Жанровый подзаголовок этой книги можно дать такой: записки на пододеяльнике. Пронзительно-бесстрашный разговор о жизни и любви на самом современном профессионально-поэтическом языке с его терминологической прагматикой, сдерживающей темперамент в железной узде, и особым естественно-научным цинизмом. Жизнь — малая история. Любовь — физиология. Разговор сразу вслух и про себя (в обоих смыслах). В неизбывном сиротстве я без ты, но в неотступном присутствии материи, которая ползет себе через и мимо, шурша и подергиваясь, старясь и обновляясь, из ниоткуда в никуда. Ползет, уподобляя эволюцию спортивным состязаниям, а революцию делая частью эволюционного процесса: “И ящерицы слушают Шопена, Как тренера, и делают, что надо. // И уясняет лиственная масса Под собственный революцьонный топот Прибавочную стоимость по Марксу И Дарвина не олимпийский опыт”. Все отверстия, все границы душ и кож, все болевые ощущения и видимые следы переплетения веществ и существ явлены любовным эпосом воочию. Но возглас, которым оканчивается одна из частей книги: “Бог сохраняет все, с чем мы не спали”, — приближает развязку, где не ты перемещается в я как чувственное отражение, а я хочет вернуться в уютное положение, заданное архаическим мифом:
Вот я над малым селом многоглавая буря.
Вот я за мирным столом саблезубая ящер.
Лучше возьми меня за и задвинь меня в ящик:
Словно в шкаф платяной — в плотяной,
Между этим и этим ребром,
За границею кожной, мясной, костяной —
В непреложный прижизненный дом.
Я отказываюсь от прав
На рукав и другой рукав.
Я отказываюсь от лев
На сомнение, мнение, гнев.
Я отказываюсь от речь.
Я откалываюсь от плеч,
От лица, пальтеца и бра
Ради должности се — ребра…
Это ли не прорыв любовной лирики в сплошной, непроходимый, неизбежный сегодня эпос?

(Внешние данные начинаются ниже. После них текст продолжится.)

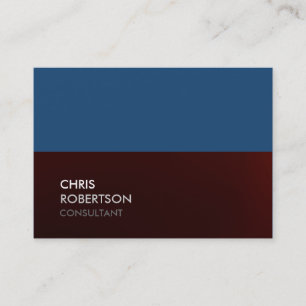 Chubby Blue Red Attractive Chic Business Card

В рецензии на эту книгу, напечатанной в “Знамени” (№ 2/2006), Валерий Шубинский сделал замечание о якобы несопоставимых уровнях адекватности Марии Степановой и Веры Павловой: возродить традицию Цветаевой пытались “простодушные авторы вроде Веры Павловой, но понятно же, что в данном случае перед нами принципиально другой уровень эстетической адекватности”.
Увы, возникает вопрос: адекватен ли критик, живущий в эпоху, когда все уровни эстетической адекватности сравнялись. Истоки поэтики могут быть теперь самыми разными. “Традиционно ориентированный” перед нами поэт или “ищущий новое слово” — всего только маркеры эстетической идеологии: одно узкое направление поэтической мысли пытается отрицать другое. Все это малоинтересно.
Гораздо интереснее увидеть, что — из каких бы истоков поэтики ни исходила — лирика любви по-прежнему жива. Только немного изменилась вместе с историческим временем.